American architect Michael Graves dies in Princeton at age 80
Graves designed buildings as well as household items like tea kettles for Target, JCPenney
Michael Graves, an American architect and designer, died Thursday at his home in Princeton, New Jersey, of natural causes, according to his firm.
The award-winning architect died “suddenly and peacefully” from natural causes, according to a statement from Michael Graves Architecture and Design. He was 80.
Graves was one of the most revered contemporary architects, known for his postmodern designs, and won hundreds of prizes in his field. He started his practice in 1964, which designed over 400 buildings worldwide.
Architecture critics hailed him as one of the original American voices in architecture as he has designed hundreds of buildings for corporations, governments, foundations and universities.
Among his noted works are The Portland Building in Oregon, The Humana Building in Louisville, Kentucky, the NCAA Hall of Champions in Indiana, and the Team Disney building in Burbank, California.
He has been praised for making buildings functional as well as aesthetically pleasing.
For many Americans, Graves might be best known as the designer of household items. One of his best known designs was the Alessi stainless steel teakettle with a red bird at the tip that sang when water had boiled.
Graves helped propel Target and its collaborations with designers to massive popularity.
His line for Target included practical items from tea kettles and drying racks to whimsical kitchen equipment like an avocado scooper and large bamboo salad tongs. His Target line came with a simple, idealistic premise: “Good design should be affordable to all.”
His designs were also sold at JCPenney and Black & Decker. He was awarded the National Medal of the Arts, as well as the Driehaus Prize for Classical Architecture.
Health and design
Born in Indianapolis, Graves received his training at the University of Cincinnati and Harvard.
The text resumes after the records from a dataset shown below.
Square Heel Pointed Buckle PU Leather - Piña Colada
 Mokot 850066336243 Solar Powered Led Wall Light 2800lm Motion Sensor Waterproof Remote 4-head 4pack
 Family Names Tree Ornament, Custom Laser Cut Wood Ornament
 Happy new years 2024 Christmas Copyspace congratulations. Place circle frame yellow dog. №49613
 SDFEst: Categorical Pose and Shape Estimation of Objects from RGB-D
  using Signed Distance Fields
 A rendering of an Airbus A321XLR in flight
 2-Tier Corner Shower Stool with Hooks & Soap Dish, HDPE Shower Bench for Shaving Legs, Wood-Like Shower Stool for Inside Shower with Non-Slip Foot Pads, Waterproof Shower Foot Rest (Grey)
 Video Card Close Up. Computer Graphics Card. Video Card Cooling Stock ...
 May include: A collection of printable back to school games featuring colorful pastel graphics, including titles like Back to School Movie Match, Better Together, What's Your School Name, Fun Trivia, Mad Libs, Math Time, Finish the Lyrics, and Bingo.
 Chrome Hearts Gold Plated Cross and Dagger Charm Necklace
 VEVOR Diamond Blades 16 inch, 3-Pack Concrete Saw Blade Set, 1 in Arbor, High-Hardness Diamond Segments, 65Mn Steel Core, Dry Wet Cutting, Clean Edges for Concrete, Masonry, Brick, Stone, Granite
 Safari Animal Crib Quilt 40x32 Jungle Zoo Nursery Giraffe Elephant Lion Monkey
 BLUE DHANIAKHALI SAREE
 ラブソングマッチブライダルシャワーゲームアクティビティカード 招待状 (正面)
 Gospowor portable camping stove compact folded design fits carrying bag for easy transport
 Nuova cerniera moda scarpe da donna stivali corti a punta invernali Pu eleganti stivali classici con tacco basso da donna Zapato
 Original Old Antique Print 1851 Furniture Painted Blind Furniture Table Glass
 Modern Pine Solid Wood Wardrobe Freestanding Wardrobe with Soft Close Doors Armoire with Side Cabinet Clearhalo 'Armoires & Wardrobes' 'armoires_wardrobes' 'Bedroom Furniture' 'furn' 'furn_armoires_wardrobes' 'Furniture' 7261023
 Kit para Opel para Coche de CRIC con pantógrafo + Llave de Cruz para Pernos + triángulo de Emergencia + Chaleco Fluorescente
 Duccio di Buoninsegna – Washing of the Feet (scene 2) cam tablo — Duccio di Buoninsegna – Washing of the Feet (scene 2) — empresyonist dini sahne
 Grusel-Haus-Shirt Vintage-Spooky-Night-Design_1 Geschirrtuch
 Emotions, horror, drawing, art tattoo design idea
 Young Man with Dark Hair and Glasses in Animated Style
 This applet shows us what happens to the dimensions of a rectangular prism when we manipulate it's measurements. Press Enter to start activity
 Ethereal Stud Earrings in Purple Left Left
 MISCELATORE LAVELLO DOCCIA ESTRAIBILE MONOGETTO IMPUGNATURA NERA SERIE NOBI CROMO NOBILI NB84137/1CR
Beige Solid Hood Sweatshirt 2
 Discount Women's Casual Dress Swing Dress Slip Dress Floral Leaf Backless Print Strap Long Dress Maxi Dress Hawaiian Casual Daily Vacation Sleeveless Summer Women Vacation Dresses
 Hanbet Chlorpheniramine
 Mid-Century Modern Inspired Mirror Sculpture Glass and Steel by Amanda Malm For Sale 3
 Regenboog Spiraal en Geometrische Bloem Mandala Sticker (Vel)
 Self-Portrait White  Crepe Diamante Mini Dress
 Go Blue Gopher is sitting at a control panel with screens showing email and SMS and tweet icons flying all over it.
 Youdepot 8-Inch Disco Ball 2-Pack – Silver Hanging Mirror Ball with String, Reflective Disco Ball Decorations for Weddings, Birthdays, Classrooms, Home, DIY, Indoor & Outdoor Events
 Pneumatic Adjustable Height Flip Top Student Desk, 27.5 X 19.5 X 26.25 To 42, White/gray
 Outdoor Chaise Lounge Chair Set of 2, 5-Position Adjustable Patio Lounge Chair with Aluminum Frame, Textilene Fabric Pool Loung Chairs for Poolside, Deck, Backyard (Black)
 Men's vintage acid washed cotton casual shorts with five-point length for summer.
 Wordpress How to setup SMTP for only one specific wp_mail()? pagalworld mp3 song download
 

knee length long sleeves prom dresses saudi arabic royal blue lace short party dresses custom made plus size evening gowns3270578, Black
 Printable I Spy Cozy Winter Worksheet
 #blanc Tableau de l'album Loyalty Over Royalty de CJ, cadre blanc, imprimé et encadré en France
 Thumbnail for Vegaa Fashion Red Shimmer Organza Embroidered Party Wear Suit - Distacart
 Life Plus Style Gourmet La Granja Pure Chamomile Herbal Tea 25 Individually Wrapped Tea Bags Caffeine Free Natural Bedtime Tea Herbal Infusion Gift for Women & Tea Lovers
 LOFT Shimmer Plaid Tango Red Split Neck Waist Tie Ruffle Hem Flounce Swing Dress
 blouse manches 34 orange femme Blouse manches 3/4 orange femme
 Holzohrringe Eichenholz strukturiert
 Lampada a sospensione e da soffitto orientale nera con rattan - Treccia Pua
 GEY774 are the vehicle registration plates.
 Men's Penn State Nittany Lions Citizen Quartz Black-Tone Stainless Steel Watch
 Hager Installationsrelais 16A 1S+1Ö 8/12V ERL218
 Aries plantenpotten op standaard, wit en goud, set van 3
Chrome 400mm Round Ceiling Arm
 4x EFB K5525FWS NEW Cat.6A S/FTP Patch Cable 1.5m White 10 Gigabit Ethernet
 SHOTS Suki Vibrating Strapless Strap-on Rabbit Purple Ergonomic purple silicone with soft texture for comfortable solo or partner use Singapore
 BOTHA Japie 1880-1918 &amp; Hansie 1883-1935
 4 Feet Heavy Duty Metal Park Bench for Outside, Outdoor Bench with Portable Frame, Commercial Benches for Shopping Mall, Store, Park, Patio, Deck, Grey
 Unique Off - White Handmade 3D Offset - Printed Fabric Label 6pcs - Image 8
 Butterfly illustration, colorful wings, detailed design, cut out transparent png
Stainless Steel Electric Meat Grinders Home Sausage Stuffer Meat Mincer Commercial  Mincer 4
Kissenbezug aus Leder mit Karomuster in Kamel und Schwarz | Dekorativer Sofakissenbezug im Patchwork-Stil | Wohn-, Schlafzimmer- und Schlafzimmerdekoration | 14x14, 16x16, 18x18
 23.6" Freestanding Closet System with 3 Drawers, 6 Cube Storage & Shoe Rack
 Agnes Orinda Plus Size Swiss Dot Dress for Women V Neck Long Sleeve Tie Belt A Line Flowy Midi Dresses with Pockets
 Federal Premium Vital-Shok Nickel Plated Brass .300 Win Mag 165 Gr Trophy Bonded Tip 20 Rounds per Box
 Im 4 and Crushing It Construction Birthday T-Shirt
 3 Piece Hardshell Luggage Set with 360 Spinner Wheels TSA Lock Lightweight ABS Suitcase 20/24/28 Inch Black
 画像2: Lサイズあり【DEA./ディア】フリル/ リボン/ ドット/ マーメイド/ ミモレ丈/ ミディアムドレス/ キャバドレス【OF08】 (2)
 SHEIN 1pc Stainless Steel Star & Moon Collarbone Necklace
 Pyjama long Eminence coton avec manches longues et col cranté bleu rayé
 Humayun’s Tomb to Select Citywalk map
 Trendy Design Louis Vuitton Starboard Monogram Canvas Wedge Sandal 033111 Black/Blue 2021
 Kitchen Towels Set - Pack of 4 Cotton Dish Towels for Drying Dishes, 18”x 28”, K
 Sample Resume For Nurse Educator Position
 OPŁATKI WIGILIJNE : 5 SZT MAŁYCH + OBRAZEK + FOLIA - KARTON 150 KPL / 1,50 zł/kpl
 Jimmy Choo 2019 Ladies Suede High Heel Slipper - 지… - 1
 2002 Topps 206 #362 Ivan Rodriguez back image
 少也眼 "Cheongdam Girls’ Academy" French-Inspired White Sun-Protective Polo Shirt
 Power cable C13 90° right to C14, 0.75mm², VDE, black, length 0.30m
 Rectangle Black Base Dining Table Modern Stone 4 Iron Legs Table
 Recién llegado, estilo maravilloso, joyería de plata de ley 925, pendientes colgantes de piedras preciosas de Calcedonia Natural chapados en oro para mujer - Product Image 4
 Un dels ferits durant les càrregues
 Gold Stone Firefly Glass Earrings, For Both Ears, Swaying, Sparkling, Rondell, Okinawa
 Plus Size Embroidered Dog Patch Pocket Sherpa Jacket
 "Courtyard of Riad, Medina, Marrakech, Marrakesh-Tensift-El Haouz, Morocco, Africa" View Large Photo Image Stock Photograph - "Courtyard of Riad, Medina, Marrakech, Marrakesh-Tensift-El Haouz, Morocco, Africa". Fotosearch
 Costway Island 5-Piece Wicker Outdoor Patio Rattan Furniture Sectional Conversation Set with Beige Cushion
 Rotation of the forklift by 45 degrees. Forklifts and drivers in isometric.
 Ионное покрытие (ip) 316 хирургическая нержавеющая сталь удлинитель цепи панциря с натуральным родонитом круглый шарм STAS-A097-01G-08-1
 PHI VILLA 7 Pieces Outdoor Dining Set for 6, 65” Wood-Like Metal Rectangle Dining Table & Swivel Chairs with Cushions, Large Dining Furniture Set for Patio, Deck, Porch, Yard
In 1962, he began teaching at Princeton University.
In 2003, Graves became paralyzed from the chest down after suffering what started out as a sinus infection. Graves recalled being severely ill and examining the ugly sheets and bad design in hospitals. He decided: “It’s far too ugly for me to die here.”
The illness phased in a new chapter in his life.
Struggling in hospital rooms made him determined to improve health care facilities and designs, including more user-friendly hospital furniture for patients.
“I wouldn’t have been a health care nut if it hadn’t been for my paralysis, so something good came from this,” he told CNN in 2011.
Throughout his illness, Graves continued to sketch.
“Whether I was paralyzed or not, I would draw, because drawing for me is like playing the piano,” he told CNN. “You’ve got to keep practicing, got to keep doing it. It’s not that you lose it, but you don’t draw as well if you don’t draw every day.”